Directions for this task:
Give the entries again, precisely as they were written.

(Dataset entries)

============

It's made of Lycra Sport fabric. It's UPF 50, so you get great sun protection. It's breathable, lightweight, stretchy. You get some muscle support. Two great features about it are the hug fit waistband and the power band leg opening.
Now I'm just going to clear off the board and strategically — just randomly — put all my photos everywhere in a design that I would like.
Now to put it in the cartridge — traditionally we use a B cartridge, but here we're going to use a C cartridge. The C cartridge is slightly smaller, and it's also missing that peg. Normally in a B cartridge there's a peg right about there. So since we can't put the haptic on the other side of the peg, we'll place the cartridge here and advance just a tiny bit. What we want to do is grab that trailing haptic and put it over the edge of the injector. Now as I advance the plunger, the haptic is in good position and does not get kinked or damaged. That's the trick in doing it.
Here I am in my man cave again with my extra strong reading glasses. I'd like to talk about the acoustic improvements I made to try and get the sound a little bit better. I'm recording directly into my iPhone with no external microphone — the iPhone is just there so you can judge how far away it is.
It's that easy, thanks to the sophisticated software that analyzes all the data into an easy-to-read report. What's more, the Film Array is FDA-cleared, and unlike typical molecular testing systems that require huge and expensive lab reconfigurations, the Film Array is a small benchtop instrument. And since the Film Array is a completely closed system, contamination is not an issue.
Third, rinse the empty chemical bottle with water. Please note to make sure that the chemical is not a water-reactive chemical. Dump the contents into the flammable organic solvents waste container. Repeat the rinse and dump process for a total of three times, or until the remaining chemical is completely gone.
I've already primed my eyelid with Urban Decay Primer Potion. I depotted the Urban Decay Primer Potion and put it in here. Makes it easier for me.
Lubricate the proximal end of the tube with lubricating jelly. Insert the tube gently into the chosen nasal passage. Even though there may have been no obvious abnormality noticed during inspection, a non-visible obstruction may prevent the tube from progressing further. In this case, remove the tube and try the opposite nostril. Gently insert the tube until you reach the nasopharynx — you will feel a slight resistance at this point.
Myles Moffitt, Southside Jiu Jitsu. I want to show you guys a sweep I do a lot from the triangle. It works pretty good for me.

============

Written response:
It's made of Lycra Sport fabric. It's UPF 50, so you get great sun protection. It's breathable, lightweight, stretchy. You get some muscle support. Two great features about it are the hug fit waistband and the power band leg opening.
Now I'm just going to clear off the board and strategically — just randomly — put all my photos everywhere in a design that I would like.
Now to put it in the cartridge — traditionally we use a B cartridge, but here we're going to use a C cartridge. The C cartridge is slightly smaller, and it's also missing that peg. Normally in a B cartridge there's a peg right about there. So since we can't put the haptic on the other side of the peg, we'll place the cartridge here and advance just a tiny bit. What we want to do is grab that trailing haptic and put it over the edge of the injector. Now as I advance the plunger, the haptic is in good position and does not get kinked or damaged. That's the trick in doing it.
Here I am in my man cave again with my extra strong reading glasses. I'd like to talk about the acoustic improvements I made to try and get the sound a little bit better. I'm recording directly into my iPhone with no external microphone — the iPhone is just there so you can judge how far away it is.
It's that easy, thanks to the sophisticated software that analyzes all the data into an easy-to-read report. What's more, the Film Array is FDA-cleared, and unlike typical molecular testing systems that require huge and expensive lab reconfigurations, the Film Array is a small benchtop instrument. And since the Film Array is a completely closed system, contamination is not an issue.
Third, rinse the empty chemical bottle with water. Please note to make sure that the chemical is not a water-reactive chemical. Dump the contents into the flammable organic solvents waste container. Repeat the rinse and dump process for a total of three times, or until the remaining chemical is completely gone.
I've already primed my eyelid with Urban Decay Primer Potion. I depotted the Urban Decay Primer Potion and put it in here. Makes it easier for me.
Lubricate the proximal end of the tube with lubricating jelly. Insert the tube gently into the chosen nasal passage. Even though there may have been no obvious abnormality noticed during inspection, a non-visible obstruction may prevent the tube from progressing further. In this case, remove the tube and try the opposite nostril. Gently insert the tube until you reach the nasopharynx — you will feel a slight resistance at this point.
Myles Moffitt, Southside Jiu Jitsu. I want to show you guys a sweep I do a lot from the triangle. It works pretty good for me.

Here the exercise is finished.